Most of the photos below were all sent to me by persons who thought that the coatings were meteorite fusion crusts.
Meteorite fusion crusts are thin because as soon as the exterior of the meteorite melts, the liquid is sloughed off due to of the high velocity of travel of the meteoroid through the atmosphere. The fusion crust does not build up, except perhaps on the trailing side. Meteorite fusion crusts are rarely greater than 1-2 mm thick.
Terrestrial processes, most notably weathering, chemical deposition, and desert varnish, can produce rinds, coatings, and crusts on rocks that are often mistaken for meteorite fusion crusts. Typically, however, such rinds are thicker than meteorite fusion crusts. Sometimes these coatings are shiny like meteorite fusion crusts. Meteorite fusion crusts are shiny because they are glassy. None of the coatings in the photos below are glassy.
Iron dissolved in water will precipitate onto rocks often forming thick coatings of hematite or iron oxyhydroxides. The coatings may resemble meteorite fusions crusts but are often much thicker. I have not actually seen any of the rocks in the photos, but I think the coatings are all chemical deposits of hematite. Hematite coatings often flake off.

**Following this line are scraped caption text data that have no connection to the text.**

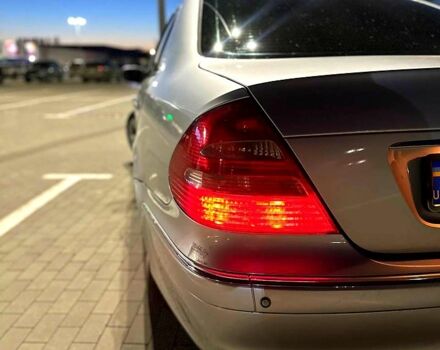 Серый Мерседес Е-Класс, объемом двигателя 2.6 л и пробегом 280 тыс. км за 5399 $, фото 7 на Automoto.ua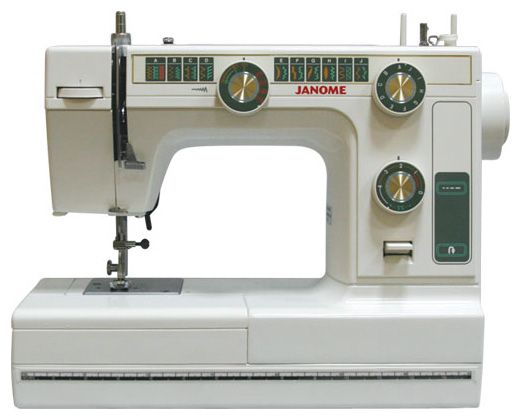 Швейная машина Janome L-394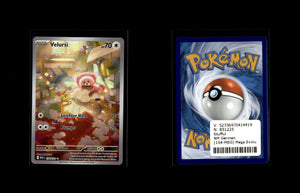 Stufful - Mega Evolution #154 [Illustration Rare]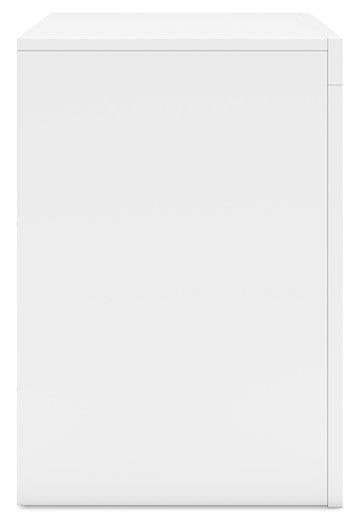 Binterglen Nightstand - Jax Mattress (Jacksonville, FL)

Another process that leads to features that are often mistaken for meteorite fusion crusts is onion-skin weathering or spheroidal weathering. Again, the layers on the rocks in the photos below are much too thick to be meteorite fusion crusts. Also, they are not glassy. Fusion crusts do not flake off like the exterior layers of rocks in the photos below.

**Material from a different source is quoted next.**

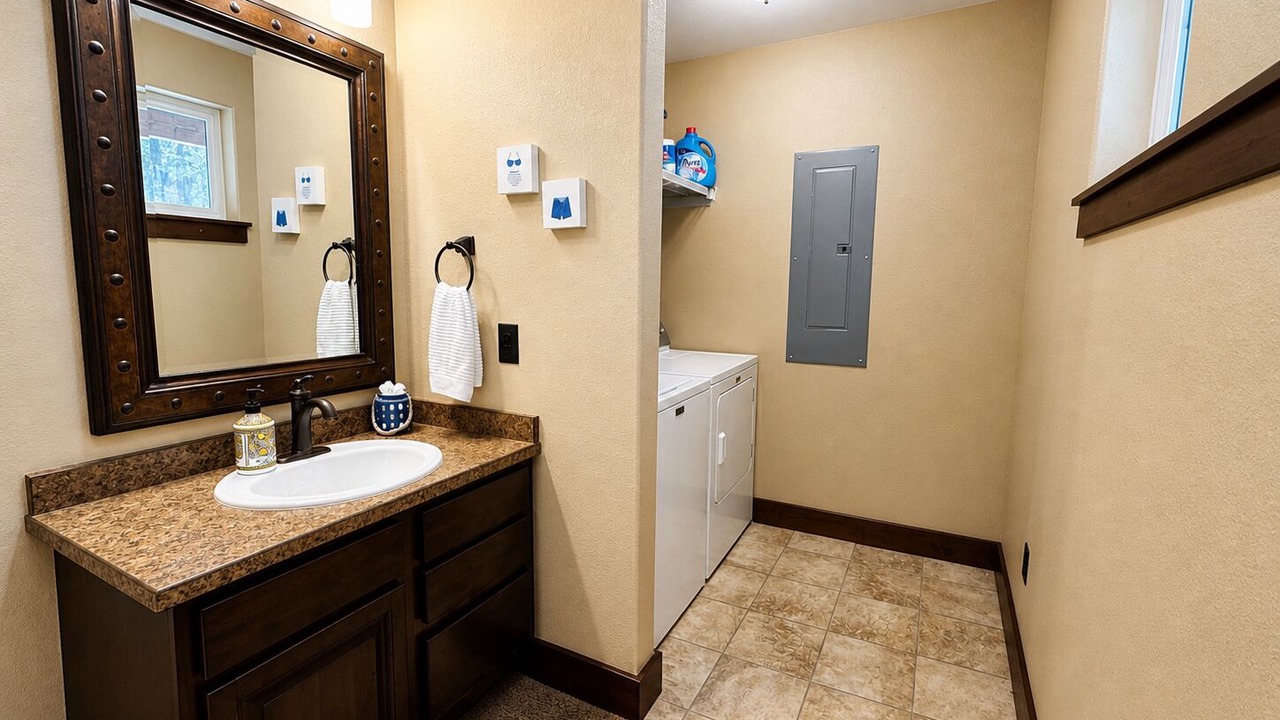 Photo of Bedroom in Seeley Lake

Over thousands of years the exterior of any crystalline rock will interact with water and air to form rinds of a different color.
Desert varnish is a special case of chemical weathering that happens to rocks exposed in arid deserts. The coating is very thin, about a micrometer thick and usually reddish to black in color. For small rocks in the desert, the exposed top has a varnish whereas the unexposed bottom does not.